• Exercise details: Quote the records below word for word, please, from the very first line through the one that contains "Blepharoplasty before and", and nothing beyond it.
══ Records provided
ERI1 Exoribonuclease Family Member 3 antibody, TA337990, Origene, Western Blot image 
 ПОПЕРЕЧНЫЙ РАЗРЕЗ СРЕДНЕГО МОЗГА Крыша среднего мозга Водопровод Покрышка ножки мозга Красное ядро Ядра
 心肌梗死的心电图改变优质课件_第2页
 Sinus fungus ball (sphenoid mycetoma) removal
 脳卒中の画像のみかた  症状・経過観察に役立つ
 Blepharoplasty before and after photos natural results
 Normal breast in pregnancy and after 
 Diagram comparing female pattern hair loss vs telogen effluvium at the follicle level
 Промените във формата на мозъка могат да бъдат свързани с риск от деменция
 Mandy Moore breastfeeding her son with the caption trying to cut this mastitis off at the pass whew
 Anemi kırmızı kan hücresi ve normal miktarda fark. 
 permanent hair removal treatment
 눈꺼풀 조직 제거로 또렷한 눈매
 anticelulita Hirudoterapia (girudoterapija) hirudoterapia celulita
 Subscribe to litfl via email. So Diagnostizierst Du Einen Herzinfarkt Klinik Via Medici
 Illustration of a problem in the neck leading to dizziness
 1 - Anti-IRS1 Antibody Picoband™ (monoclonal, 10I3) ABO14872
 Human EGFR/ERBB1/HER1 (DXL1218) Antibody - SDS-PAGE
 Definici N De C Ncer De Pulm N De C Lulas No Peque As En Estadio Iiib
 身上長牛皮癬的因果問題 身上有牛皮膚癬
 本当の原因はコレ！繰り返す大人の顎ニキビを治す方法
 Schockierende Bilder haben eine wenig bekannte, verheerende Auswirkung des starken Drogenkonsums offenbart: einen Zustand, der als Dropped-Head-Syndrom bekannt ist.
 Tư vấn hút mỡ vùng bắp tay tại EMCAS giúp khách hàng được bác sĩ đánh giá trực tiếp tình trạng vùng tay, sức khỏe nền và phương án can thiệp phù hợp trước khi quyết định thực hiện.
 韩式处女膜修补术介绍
════
• Worked solution:
ERI1 Exoribonuclease Family Member 3 antibody, TA337990, Origene, Western Blot image 
 ПОПЕРЕЧНЫЙ РАЗРЕЗ СРЕДНЕГО МОЗГА Крыша среднего мозга Водопровод Покрышка ножки мозга Красное ядро Ядра
 心肌梗死的心电图改变优质课件_第2页
 Sinus fungus ball (sphenoid mycetoma) removal
 脳卒中の画像のみかた  症状・経過観察に役立つ
 Blepharoplasty before and after photos natural results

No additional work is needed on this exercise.